Summary This study aimed to examine acute effects of photon radiation on the isolated cardiac contractile apparatus. This objective is based on successful clinical trials on the subject of intracoronary brachytherapy and the vision of also using radiation in cardiac surgery, in addition to conventional revascularization techniques to treat highly affected coronary vessels, in which bypass grafting alone would be hopeless. For this, however, it would require larger radiation fields than in conventional intracoronary brachytherapy; thus adjacent myocardium could be more affected and depression of ventricular function with hemodynamic consequences could occur. Elementary knowledge about acute myocardial reaction to radiation does not currently exist; there are only considerations about depressing radiation effects.

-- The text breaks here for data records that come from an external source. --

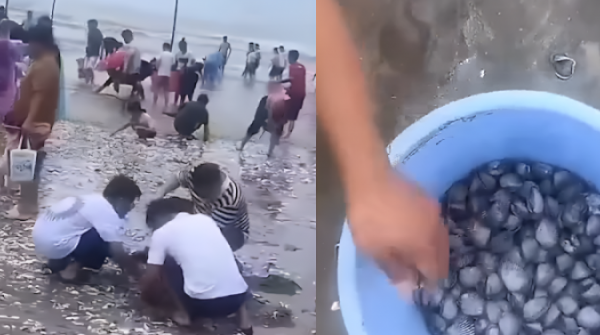 Người dân Trung Quốc thi nhau nhặt hải sản sau bão Wipha 29 Người dân Trung Quốc thi nhau nhặt hải sản sau bão Wipha adt1753152850 dpicsartaiimageenhancer 2881 8729 2 anh cat 3 2 auto croppng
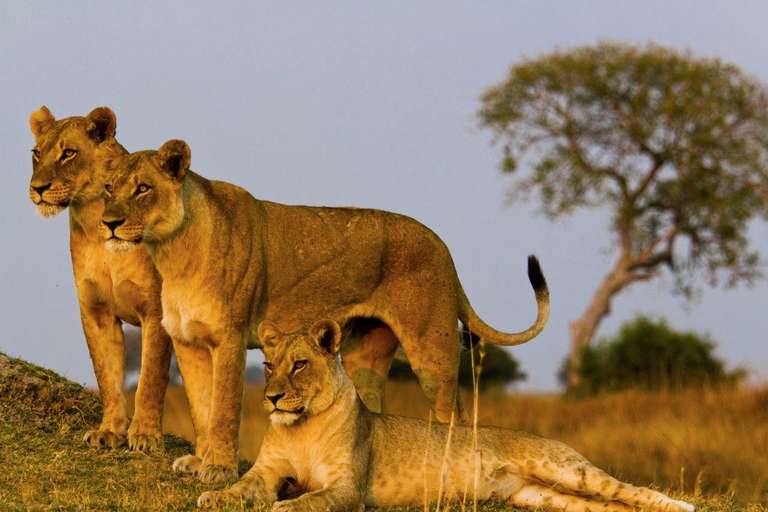 Simba Safari, Wellworth Lodges - Private Tour trip - alternative tour available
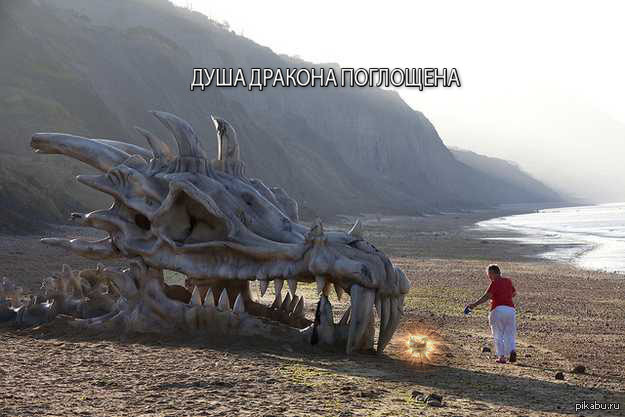 Настоящий огромный. Юрское побережье череп дракона. Череп дракона на пляже игра престолов. Драконы в реальной жизни. Китайский дракон в реальной жизни.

The model of myocardial demembranized, “skinned” fibers was used to analyze the isolated contractile apparatus under conditions of equilibration and without regulation systems of the living cell. A total of 48 right atrial appendages were obtained from patients undergoing coronary artery bypass grafting. Atrial trabeculae were irradiated with one single dose of 2, 4, 10, 20, 40, or 80 Gy, respectively, or kept unirradiated as the control. Accordingly, from each appendage, there were both trabeculae being radiated and those not being radiated. Trabeculae were demembranized with Triton-X-100. Force development and cross bridge kinetics were analyzed under isometric conditions by approximating the force courses on an exponential function. Muscle stiffness was registered to evaluate the filaments’ mechanic and elastic properties. The statistics were performed using a Repeated Measures Analysis of Variance model.
No significant differences were found between control and irradiated fibers concerning mean force amplitudes related to cross-sectional area, time constants and stiffness, regardless of the delivered dose. Up to 80 Gy, the cardiac contractile apparatus maintained its structural und functional integrity.
The absence of acute radiation effects on the contractile filaments’ function argues against acute myocardial protein deformation during brachytherapy. Thus, it is possible that potential acute radiation effects on the heart could be caused at higher levels, like vessels, changes of membrane’s properties or effects on the cardiac conduction system. Subsequently, acute depression of myocardial function caused by radiation-induced failure of the contractile apparatus has not to be expected during brachytherapy with large radiation fields. Nevertheless, long-term effects remain to be analyzed.